A Beginner's Guide To WAN Acceleration

Introduction

WAN acceleration products that optimize application performance have historically been the domain of huge enterprises connecting far-flung operations. But that is starting to change. Even small companies are becoming more dispersed, with employees working from home or local offices, making collaboration essential. And the types of applications that were previously reserved for large companies with immense budgets and entire IT departments to run them, are increasingly used by everyone.

For these reasons, smaller organizations are experiencing the same application performance issues that have long plagued their larger brethren. Fortunately, new acceleration products, available in an increasing variety of forms, are starting to offer suitable solutions.

To understand if a WAN acceleration system will provide useful benefits for your network, it’s helpful to look under the hood to understand how these systems work and what they can accomplish.

It’s Magic

Back in the olden days, I worked at an early WAN acceleration vendor. Whenever we first installed a demo unit on a customer’s network and they saw how more responsive the applications suddenly became, their jaws would inevitably drop and they’d stare in amazement. “That’s incredible,” they’d gasp. “It’s like magic!”

It reminded me of the movie “Mosquito Coast” where the cranky inventor played by Harrison Ford tells a band of natives in rain forest, agog over the ice he’s created for them in a primitive freezer, “It’s not magic – it’s thermodynamics!”

So I would put on my best Han Solo voice (admittedly not distinct enough from my Luke Skywalker voice for anyone to notice the difference) and state, “It’s not magic – it’s WAN acceleration.”

WAN acceleration can seem like magic to anyone previously stuck waiting for minutes in a hotel room for a Powerpoint presentation on the company file server to open. But once you understand how it works, conceptually it’s not especially complicated. More importantly, if you understand how it works, you can ignore the vendor hype and determine the value WAN acceleration would bring to your network, as well as the best way to evaluate which products are the best fit for your applications.

So What’s the Problem?

WAN acceleration solves two separate problems – insufficient bandwidth and the inability of applications to use all the bandwidth that’s available.

The fact that low bandwidth WAN links causes sluggish performance is hardly surprising. On the LAN, files transfer quickly, videos play smoothly, and we usually don’t need to play Angry Birds to keep ourselves occupied while waiting for applications to load. But try to download a gigabyte file over a DSL line, and anyone who expects it to arrive instantaneously is lacking a good understanding of either physics or math (or probably both.)

What is surprising is how much latency and packet loss can affect performance, preventing applications from using all the bandwidth.
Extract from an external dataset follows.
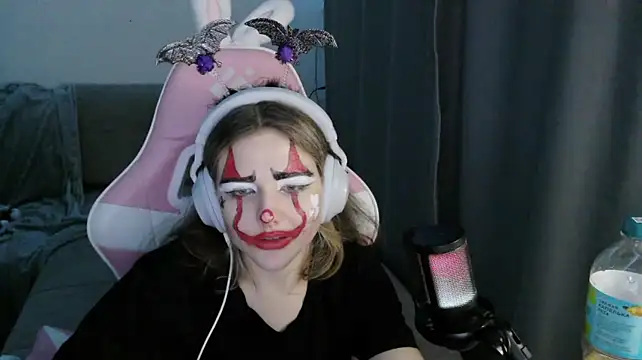 HelenMo0n live XXX chat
To illustrate, I’ll show a few examples using a network emulator to simulate different WAN conditions.

This first graph shows throughput of an FTP file transfer between two Linux servers on a LAN. Since there is no latency or loss, the transfer uses all of the 1 Gbps bandwidth available.

LAN – LAN FTP transfer

Next, I add 40 ms of delay, the round-trip time between my home and my office only a few miles away. (Of course, the packets don’t take the direct route of my commute, but instead follow the path the taxis use to ferry tourists from the airport by looping through a city an hour away.) To illustrate the point, I’ve left the bandwidth at 1 Gbps, but throughput is suddenly limited to only 55 Mbps!

(Note: The 20 ms delay shown in the screenshots is one-way. It is applied in each direction for a total 40 ms round-trip delay.)

LAN – LAN FTP transfer w/ 40 ms delay

Higher latency, for example, connecting from a local office to headquarters across country or to Europe or China reduces the throughput even further.

Delay (RTT)	Throughput
0 ms	1 Gbps
40 ms	55 Mbps
100 ms	22 Mbps
250 ms	9 Mbps

Table 1: Delay vs. throughput

These tests assumed lossless links. But since I’m usually connected over Internet VPN, I should expect occasional packet losses. At 40 ms delay, even with a loss rate of only 0.1%, throughput drops from 55 Mbps to 14 Mbps, and becomes highly variable as shown below.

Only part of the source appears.